Sounds just like the USA going to war over WMDs in Iraq. Clearly we need to give even more power to the mainstream press so they can act as the sole arbiters of truth.

/s


If people are threatening the health and safety of other people (including uninvolved bystanders, not to mention people who disagree with them) based on their beliefs and opinions, does it not approach being your responsibility to do what you can to disavow them of those beliefs?


How does believing in something false threaten someones safety?


Merely believing in something false is harmless, but once in a while humans actually act on their beliefs.

Suppose a restaurant employee believes that the requirement to wash hands before returning to work is a hoax by the soap companies in order to sell more soap. If the employee believes this but never acts on it, fine. But if they stop washing their hands before returning to work, that threatens public health.


If that belief leads you to assault (even just verbally) retail employees for requesting you follow basic hygiene principles in slowing the spread of a pandemic.


If it causes you to act in accordance with the false belief in ways that threaten someone's safety. For instance, you might shoot up Comet Pizza.


By refusing to follow the rules set by the medical authorities.
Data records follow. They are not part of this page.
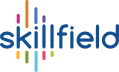 SkillField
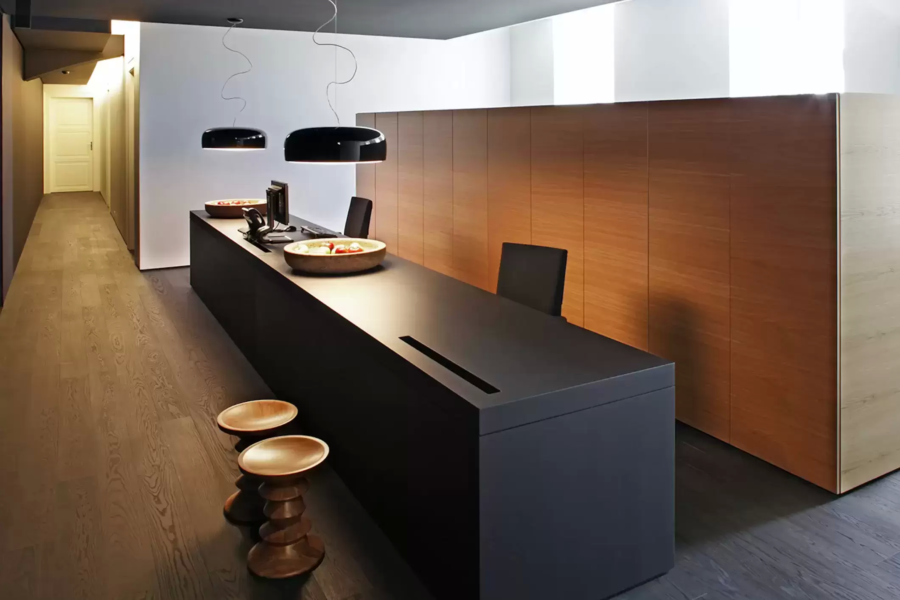 A04-Flos-Innenarchitektur-Basel-Smithfield-suspension-Moebel-Beleuchtung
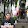 Craig Berscheidt Craig Berscheidt's profile photo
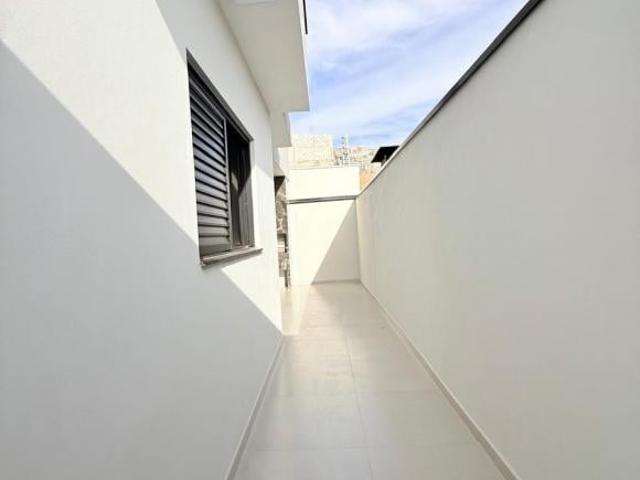 Casa venda em Extrema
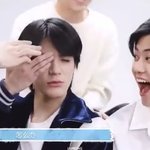 [NCT즌] 아 ㅈㄴ 귀여워 짜증나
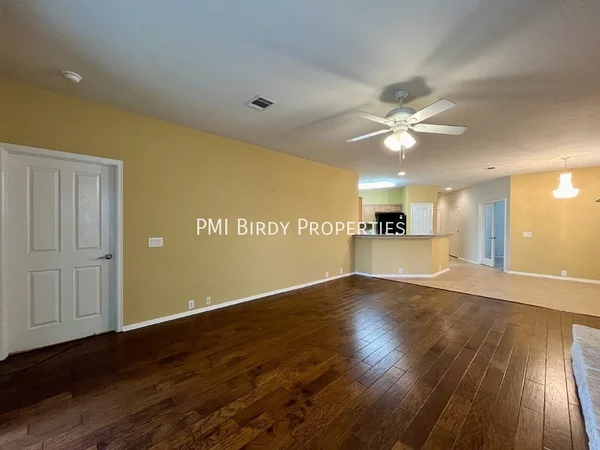 3 bedrooms apartment for rent in Far West Side - West SATX, San Antonio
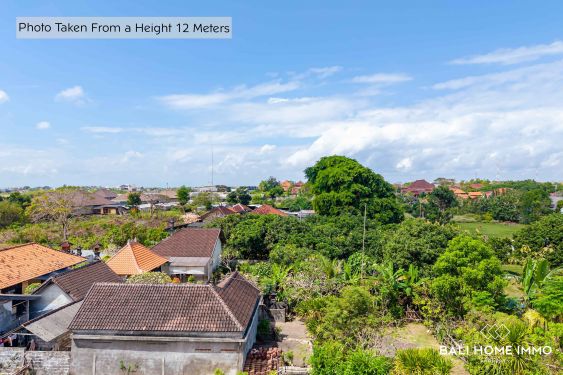 Image 11 from GOOD DEALS STREET FRONT LAND FOR SALE LEASEHOLD IN UNGASAN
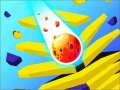 Гаме Stack Loptu 3 онлајн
Refusing to wear mask, not isolating when infected, etc...

A more extreme example of false beliefs causing great harm is the Holocaust that was caused by Nazis believing the Jews are part of a conspiracy to undermine Germany and were the cause of Germany's defeat in WW1.

False beliefs can cause a lot of harm to a lot of people in both personal level (not vaccinating your kids) and to the larger societal level.


> Why should I — someone with many of my subjective ideas and opinions try and talk someone else out of their personal beliefs and opinions.

Because letting people operate on a false belief affects everyone else.

It's one thing to believe in homeopathy as curative - it's another thing to recommend it to people as sound medical advice, when there is no evidence that supports it.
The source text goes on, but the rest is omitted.